General characteristics
- Tonnage: 2,908 GRT; 1,645 NRT;
- Length: 315 ft 4 in (96.11 m)
- Beam: 46 ft 5 in (14.15 m)
- Depth: 23 ft 0 in (7.01 m)
- Installed power: triple expansion steam engine
- Propulsion: Screw propeller

= SS Empire Candida =

World War II merchant ship of the United Kingdom

Empire Candida was a cargo ship which was built in 1942 for the Ministry of War Transport (MoWT). She was sold in 1947 and renamed Burdale and resold in 1948 and renamed Peldale. In 1954, she was sold to Norway and renamed Statius Jansen. A further sale to Hong Kong in 1959 saw her renamed Sunny. In 1961, she was sold to Indonesia, serving until she was scrapped in 1969.

==Description==
The ship was built by William Gray & Co.
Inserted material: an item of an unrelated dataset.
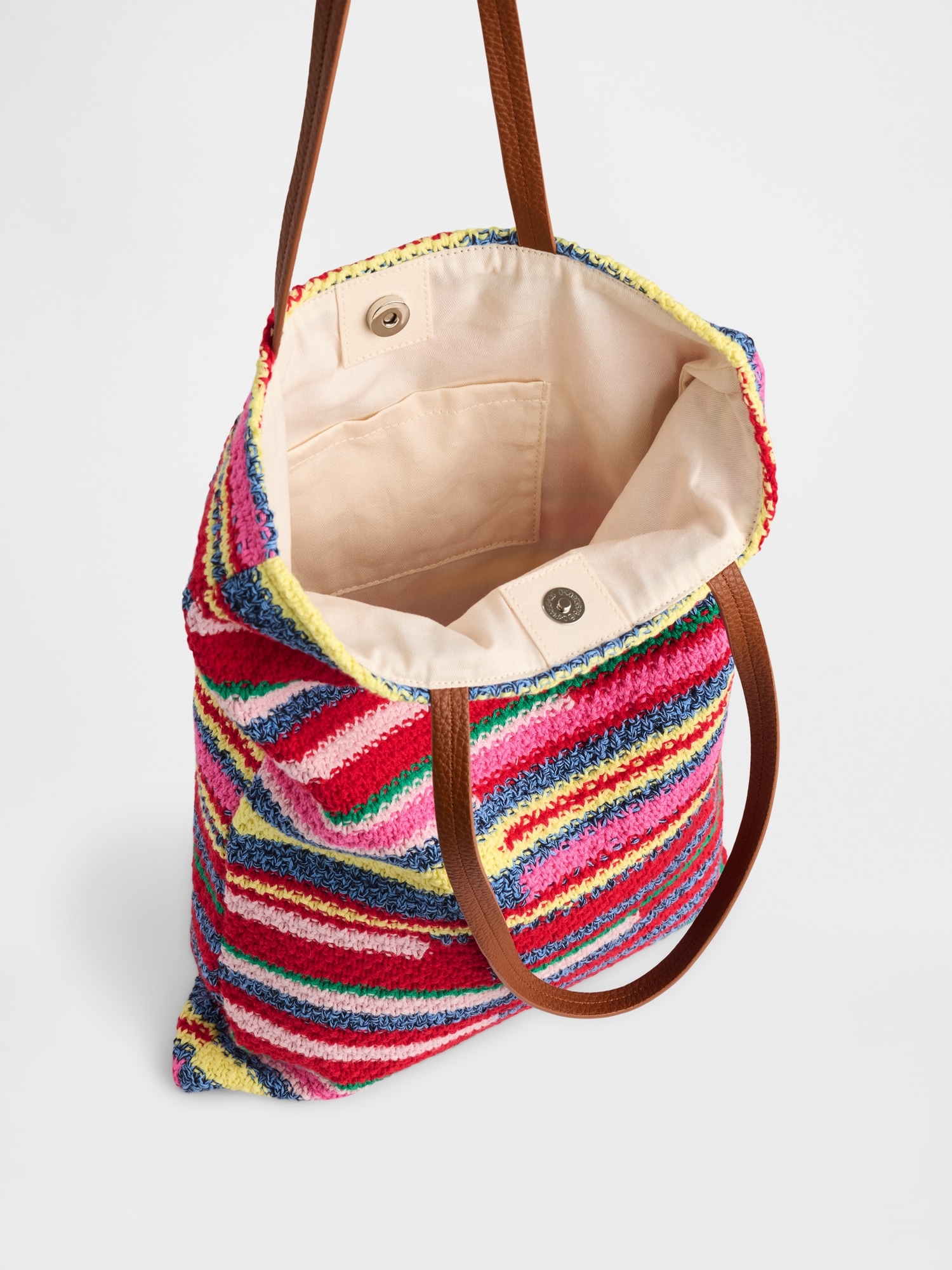 Crochet Tote Bag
Ltd., West Hartlepool. She was launched on 8 December 1942 and completed in February 1943.

The ship was 315 ft 4 in long, with a beam of 46 ft 5 in and a depth of 23 ft 0 in. Her GRT was 2,908 and she had a NRT of 1,645.

She was propelled by a triple expansion steam engine which had cylinders of 20 in, 31 in and 55 in diameter by 48 in stroke. The engine was built by Central Marine Engine Works Ltd, West Hartlepool.

==History==
Empire Candida was built for the MoWT. She was placed under the management of Frederick Jones & Co Ltd. Her port of registry was West Hartlepool. The Code Letters BFFW were allocated. Her Official Number was 168951.

Empire Candida was a member of a number of convoys during the Second World War.

KMS 22

Convoy KMS 22 departed Liverpool on 28 July 1943 and arrived at Gibraltar on 9 August. It departed the same day and arrived at Port Said, Egypt on 20 August. Empire Candida joined the convoy at Bône, Algeria and left it at Tunis, Tunisia. The voyage immediately preceding this was from Bizerta, Tunisia to Bône. Part of her cargo was Tiger Tank No. 131, which had been captured by the Allies. The tank is now preserved at the Bovington Tank Museum, Hampshire.

MKS 37

Convoy MKS 37 departed Port Said on 10 January 1944 and arrived at Gibraltar on 22 January 1944. It departed the same day and arrived at the Clyde on 3 February. Empire Candida joined the convoy at Bizerta, Tunisia and left it at Bône.

KMS 45

Convoy KMS 45 departed from the United Kingdom and arrived at Algiers, Algeria on 29 March 1944. Empire Candida joined the convoy at Oran, Algeria bound for Algiers.

KMS 46

Convoy KMS 46 departed from the United Kingdom and arrived at Bône on 9 April 1944. Empire Candida joined the convoy at Algiers and left it at Augusta, Italy.

KMS 50

Convoy KMS 50 departed from the United Kingdom and arrived at Oran on 16 May 1944. Empire Candida joined the convoy at Algiers and left it at Augusta.

ON 171

Convoy ON 171 departed from Liverpool on 4 March 1943 and Reykjavík, Iceland on 7 March. It arrived at Halifax, Nova Scotia on 23 March. Empire Candida was a member of this convoy.

In 1947, Empire Candida was sold to Zinal Shipping Co Ltd, London and renamed Burdale. She was operated under the management of Burness Shipping Co Ltd. The following year, she was sold to Z Shipping Co Ltd, Newcastle upon Tyne and renamed Peldale, remaining under Burness's management. In 1954, Peldale was sold to Jansens Rederei A/Z, Bergen and renamed Statius Jansen. In 1959, she was sold to the New China Steamship Co Ltd, Hong Kong and renamed Sunny. She was placed under the management of Wallem & Co Ltd, Hong Kong. In 1961, Sunny was sold to P T Maskapai Pelayaran, Sumatera, Indonesia. In 1969, she was sold for scrapping. On the voyage to the breakers she developed a leak on 5 April 1969 at . She was escorted into Kaohsiung, Taiwan, arriving on 8 April.